College brought the California rider East, where she topped the demanding equitation final in New Jersey.
Californian Sophie Benjamin made her first appearance a winning one at the USEF Platinum Performance Talent Search Finals-East, taking the title on Oct. 4-5 in Gladstone, N.J.
Benjamin, of Rancho Santa Fe, Calif., was sixth in the 2007 West Coast version of the finals, but since she’s in her freshman year at Princeton University (N.J.), she decided to participate on the East Coast this year. This year’s West Coast section was won by Hannah Selleck, Benjamin’s teammate on the gold-medal team at the North American Junior and Young Riders Championships (Colo.).
Although her respect for Selleck’s prowess led Benjamin, 18, to say modestly that she didn’t think she could have beaten her if she’d ridden in the Talent Search Finals-West, the East Coast victor faced quite a formidable challenge from a field of 94, one of the biggest entries ever for the rigorous class.

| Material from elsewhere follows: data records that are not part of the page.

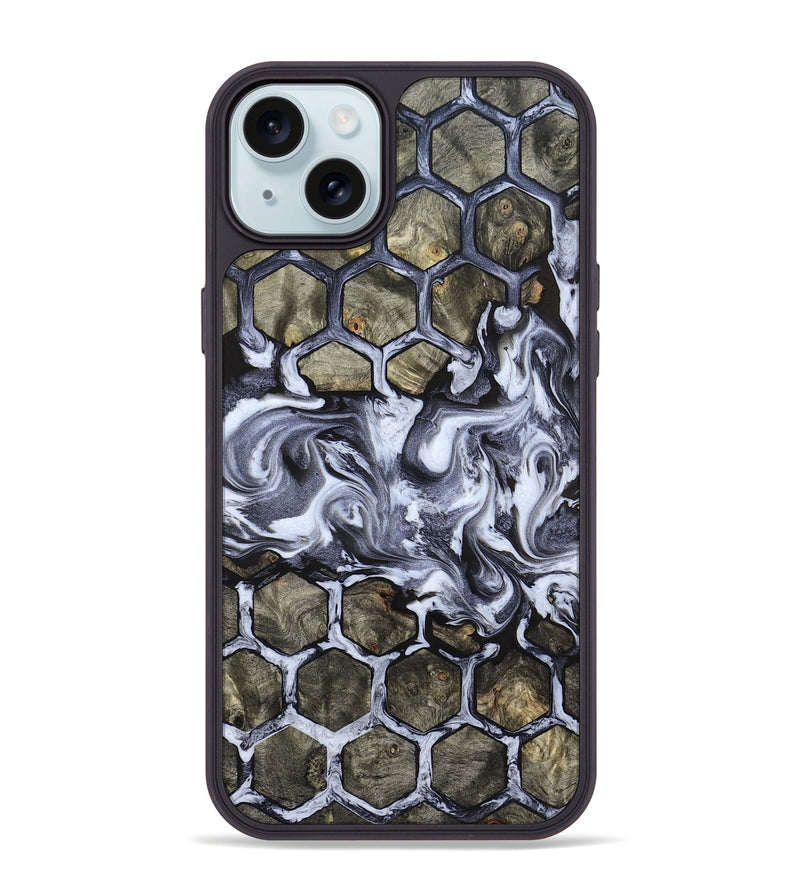 iPhone 15 Plus Wood Phone Case - Leonard (Pattern, 824865)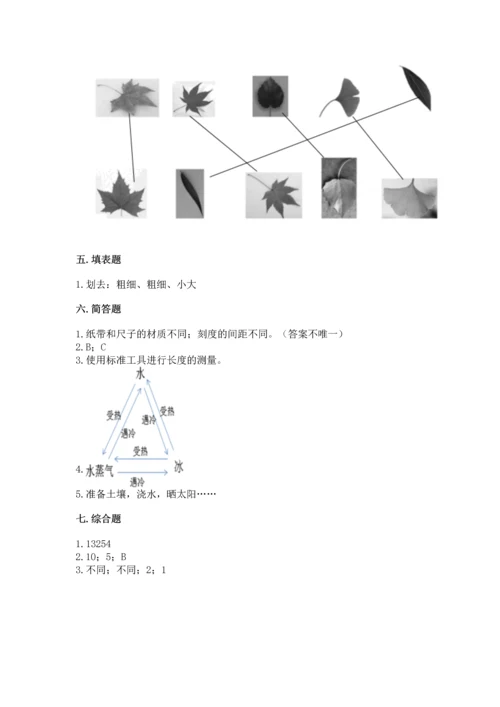 教科版一年级上册科学期末测试卷含完整答案（全国通用）.docx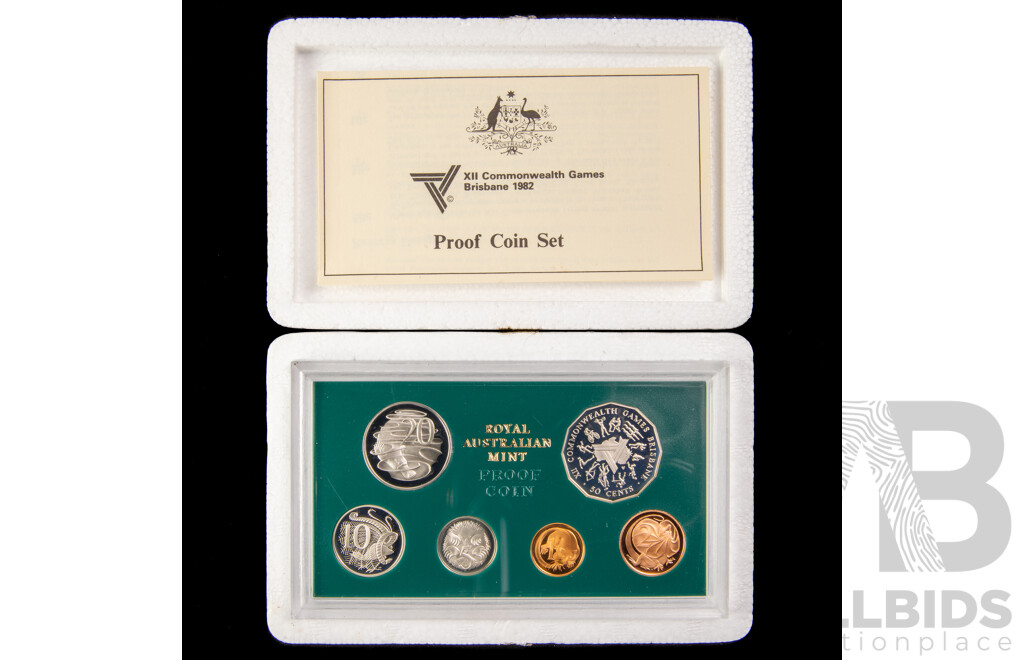 Australian RAM 1982 Proof Coin Set, Commonwealth Games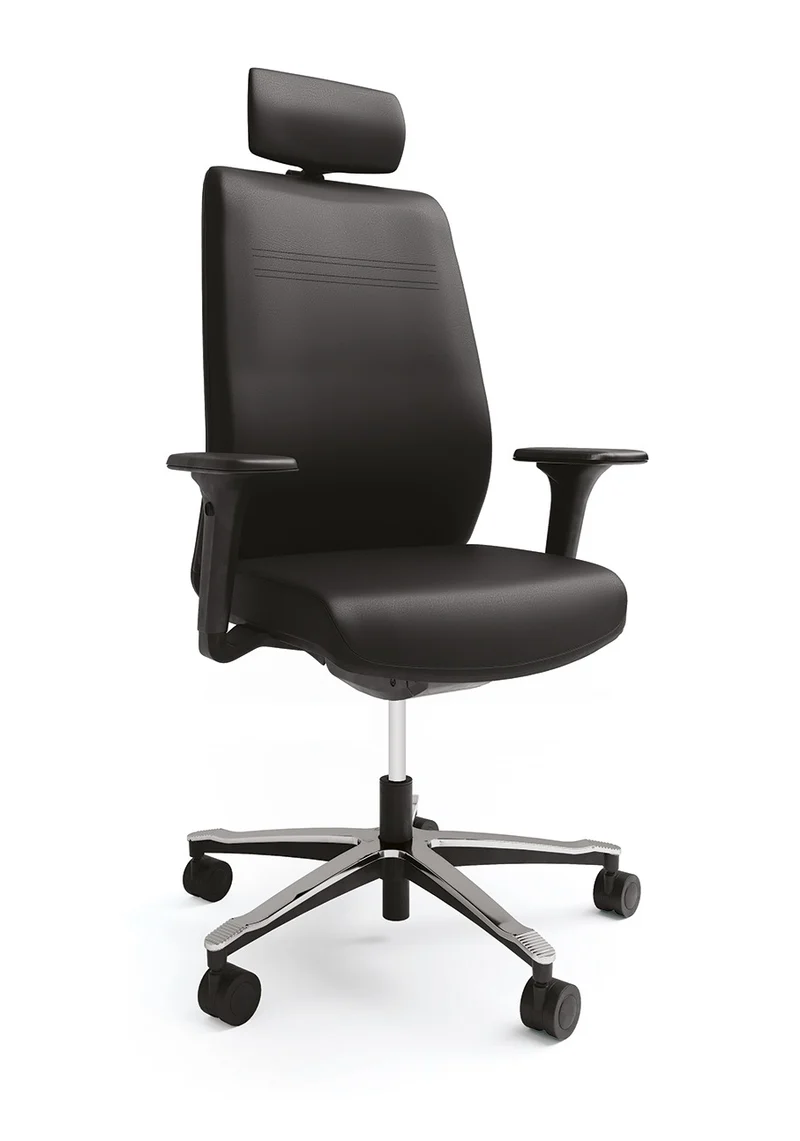 Chaise de direction ergonomique en cuir TheBoss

Run over the course of two days in four separate phases, the Talent Search requires the ability to catch-ride, negotiate complicated gymnastics, stay within a time allowed and jump fences that can run 3" higher than the standard 3'6" obstacles of the other autumn finals. Performances in the flat, gymnastics and jumping phases establish the top four riders, who then switch horses and ride again.
Benjamin has had a lot of experience catch-riding. Rather than spending money on horses for her, the winner’s parents decided to build a barn at their house, which their daughter ran.
“They thought it was important for me to learn management and the work ethic,” said Benjamin, who wants to be a professional. “I think that not owning a horse and riding different horses helped me in the final four a lot, because I didn’t get nervous.”
Benjamin, who is based with Beacon Hill in New Jersey, trains in California with Susan Artes and also worked with Karen Healey. Healey found Sir Neel, a Dutch-bred by Darco out of a Guidam mare and thus related to two of the 2004 and 2008 gold medal Olympic mounts, Sapphire and Authentic.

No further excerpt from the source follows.